Since businesses don’t want to lose money, when sales drop they are likely to invest more into marketing or sales. And when the marketing channel used to work was digital advertising, those businesses are likely to increase their ad spending to compensate for lower conversions.
For instance, if you used to get 20,000 clicks at a 4% conversion rate, you needed your ads to have 500,000 impressions. But if now your ads are converting only at 1%, then to maintain the same amount of traffic to your site (20,000 clicks), you’ll need to show those ads 2,000,000 times.
This means that as ads convert at lower rates, companies try to chase the same results by making their ads more intrusive and showing those ads to more and more people.

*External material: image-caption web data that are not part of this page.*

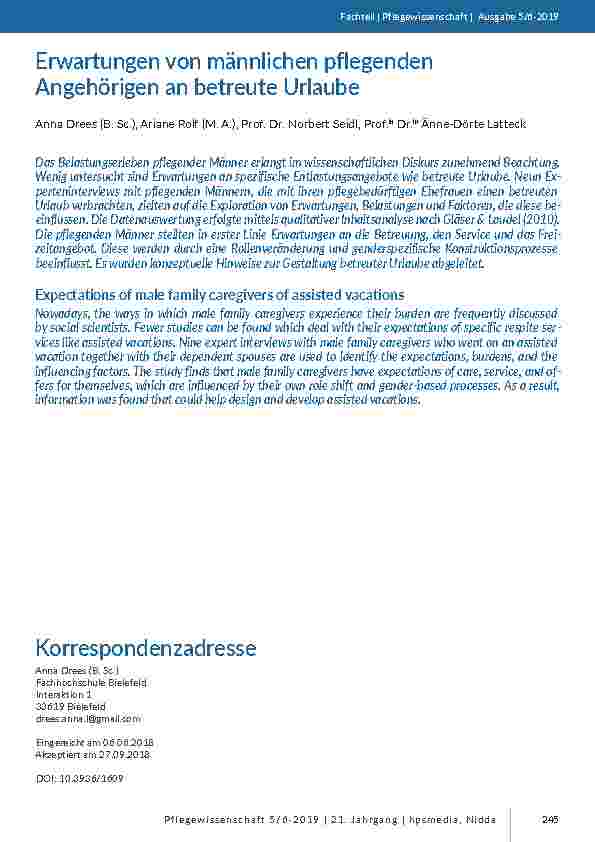 Erwartungen von männlichen pflegenden Angehörigen an betreute Urlaube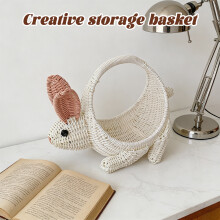 Wicker Bunny Storage Basket for Fruit Candy and Gifts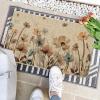 Artoid Mode Poppy Floral Leaves Spring Doormat, Home Summer Decor Low-Profile Switch Rug Door Mat Floor Mat for Indoor Outdoor 17×29 Inch(Beige)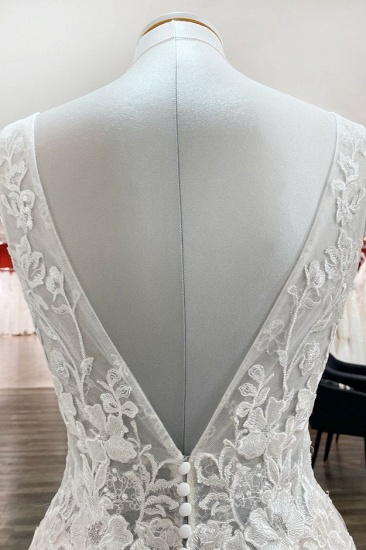 BMbridal Elegant Tulle Deep V Neck Sleeveless Lace A-Line Weddding Dresses_6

As ads become less effective, the amount of web spam can increase. Businesses are chasing the promise of past performance that is getting harder and harder to reach, and they are frustrated because they can’t get another hit.
How organic marketing hasn’t been allowed to exist
Now that we’ve talked about paid advertising, let’s return back to SEO.
The problem with organic marketing is that it’s a lot less clear-cut than paid ads used to be.
- “Creating the right content is a difficult task,” Enge summed up.
Organic marketing is hard to do and even harder to explain to people with control over marketing budgets. As Walker explained:
- “There's not an experienced veteran I know who hasn't had to spend a significant portion of their time back peddling or having to justify their existence, after losing rank, and not knowing why it dropped, or really, honestly, scientifically, knowing how it got to its position in the first place. We have hunches and best practices, but there's also a lot of luck and finger-crossing and hoping for the best.”
Incentives and assumptions created by digital ads
Unfortunately, the alluring promise of perfect trackability and low barrier-to-entry with paid ads has made it difficult for many businesses to understand how difficult marketing without those ads truly is.
Most SEOs working with content are doing a ton of work. With content, we have to remember the audience who we are making it for.
- “No SEO represents the ‘average consumer.’ Do the research, track the journeys, hold the focus groups,” said Forrester.
In addition to customer research, as SEOs we also need to keep track of changes made by platforms like Google to their algorithms, since:
- “At the end of the day Google is the driving force behind the types of content that perform well, the logic behind it, and the types of results that show up for specific terms,” said Tory Gray, senior SEO consultant at Gray Dot Company.
But because digital advertising has provided companies with beautiful dashboards, clear numbers, and easy ROI calculations (such as cost per lead or return-on-ad-spend, ROAS) – there’s been pressure on organic marketers to keep up and have their own set of clear numbers and graphs.
Except organic marketing cannot be forced into an empirical box. You can try, you can add quantitative factors, you can make predictions. But you can never fully guarantee or attribute performance of any organic marketing campaigns. Because you can’t quantify or reliably predict the complexity of human emotions and behavior.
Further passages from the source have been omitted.